Of course, the most familiar kind of indefinite food storage for many people is freezing, which still requires electricity but is a good place to start. Rather than eating out, ordering in or making individual meals one by one, you can make a large quantity of a dish in season and freeze it in a dozen meal-sized portions for later. It costs much less than making many individual meals, you can mix-and-match dishes, and the food retains most of its vitamins and flavour from the time it was picked.

Your climate will make some kinds of preservation easier or more difficult -- our damp climate in Ireland means we have to watch out for mould when drying, and you may need the help of your radiator or oven. On the other hand, we have very little snow or even frost here, and this is a good climate to simply leave things like parsnips, celeriac or other root vegetables in the ground through the winter, and yank them out as you need them. Some people put straw or bags over them to protect from frost, or pull them from the earth and store them in sand.

Finally, you can preserve some foods by changing them into other foods; we turn our milk into yogurt and soft cheese, and my first hard cheese experiment created some very nice Parmesan. More on how to make cheese soon.

5 comments:

Andy Brown said...

-Sharon Astyk offers an excellent on-line course on food preservation. I took it a few years ago and it was a great way to get going on experimenting with the various approaches.

snarkeling said...

We just got the materials to build a low temperature dehydrator. I'm very excited!

Allison McC said...

OK I want instruction on how to make cheese. Also, experimenting with tea will ALWAYS make me think of you!

jpbenney said...

The interesting thing is that, in geological terms, it is exceedingly unusual to obtain conditions where animals could obtain enough food to store.
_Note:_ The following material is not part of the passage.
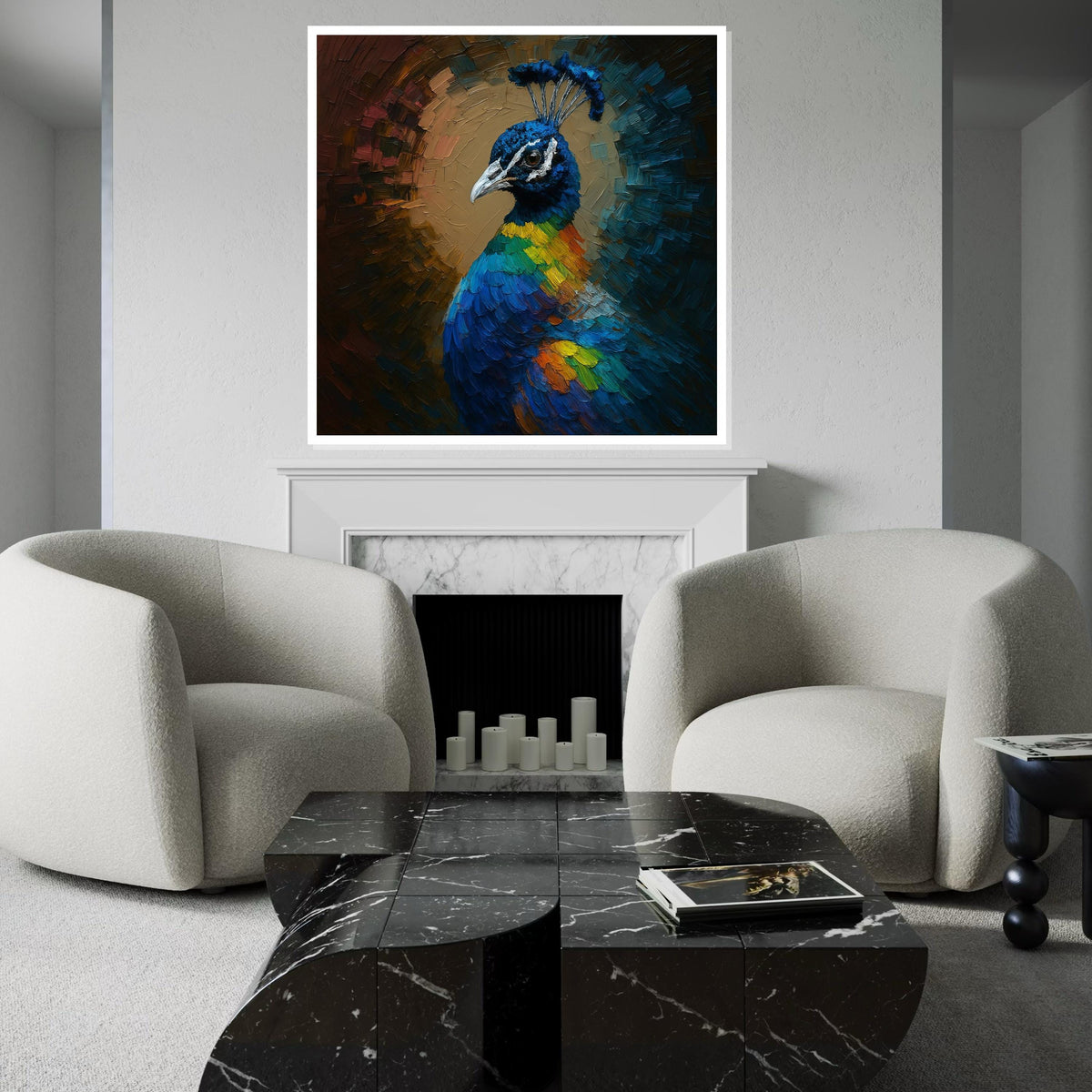 Colorful Peacock Canvas, Multicolor Bird Art, Vibrant Peacock Wall Print, Wall Art Canvas Design, Ready To Hang Decoration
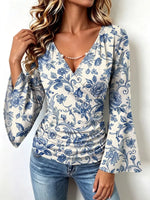 Retro Floral Pattern Art Print Casual Stylish Cotton V Collar Shirt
Mark Huston has shown, that adjusted for the length of the growing season, primary productivity over the eastern hemisphere is lowest at 25˚S to 35˚S and over the western hemisphere (New Zealand as well as the Americas) in the tropics.

Low primary productivity in the tropics, Australia and southern Africa precludes animals from gaining enough food to keep any surplus. This explains their much higher species diversity than the extratropical northern and western hemispheres: there is no resource competition for surpluses.

What is telling is that the paleopedological record (the fossil record of soils as opposed to animals or plants) suggests that the fertile soils of the extratropical northern and western hemispheres never occurred between the Permian (280,000,000 years ago) and the Oligocene 40,000,000 years ago. This would mean that food storage by animals like pinyon jays (which are very like Australian birds in many ways as I note here) would have been simply implausible.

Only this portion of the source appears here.